Plaintiff would like this Court to consider evidence that it presented in its Objection *1344 that shows Ms. Juarbe's ailments mirroring the impairments listed in 103.03(C) of the Social Security Regulations listings of impairments. (Docket No. 16). It is not the proper role of this Court to consider such evidence when the findings of both the ALJ and the Magistrate Judge are based upon substantial evidence. Goodley, 608 F.2d at 236. The ALJ and Magistrate Judge each concluded that Ms. Juarbe did not suffer from a severe impairment, (Docket No. 15), and this finding caused the evaluation of the record to end at the second step of the sequential evaluation process.
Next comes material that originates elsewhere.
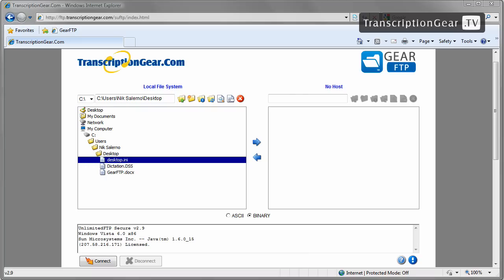Welcome to TranscriptionGear.com's Gear FTP walkthrough. This walkthrough will cover connecting to your new FTP site with explanation of user interface, uploading and downloading files, and general site maintenance such as adding or removing files and folders and much more.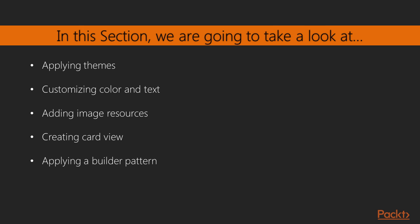In this section we'll concentrate on how to represent our products as Android UI components. We'll first be applying themes, then customizing color and text. Moving on we'll be adding image sources and creating card view. And finally we'll be applying a builder pattern.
Plaintiff urges the Court to reassess the evidence on record by considering the listing of impairments that coincide with step three of the sequential evaluation process. In Martin v. Sullivan, the Court stated that the Commissioner's factual findings are conclusive if supported by substantial evidence. 894 F.2d 1520, 1529 (11th Cir.1990). It is not the position of this Court to reweigh the evidence or substitute its judgment for that of the Commissioner, even if it finds that the evidence preponderates against the Commissioner's decision. Id. at 1529. Reconsidering Section 103.03(c) of the Social Security Administration Regulations would force this Court to assume an improper role. This Court may not disturb the credibility of the ALJ's findings if such conclusions are clearly articulated on substantial evidence. See Foote v. Chater, 67 F.3d 1553, 1562 (11th Cir.1995).

 
Conclusion

This Court adopts the findings of the Magistrate Judge concerning the proper legal standards applied by the ALJ when determining that Plaintiff does not suffer from a severe impairment. The conclusion of the ALJ and the Appeals Council to ignore the evidence regarding Section 103.03(c) appears to be warranted. The ALJ's decision was based on substantial evidence. Plaintiff's argument that this Court consider Section 103.03(c) was without merit. As to portions of the R & R not objected to by the Plaintiff, this Court finds no clear error. Accordingly, it is

ORDERED that the report and recommendation, dated January 9, 1998, be ADOPTED and incorporated by reference; the objections of the Plaintiff be OVERRULED; and the Clerk of Court be directed to enter judgment in accordance with this order.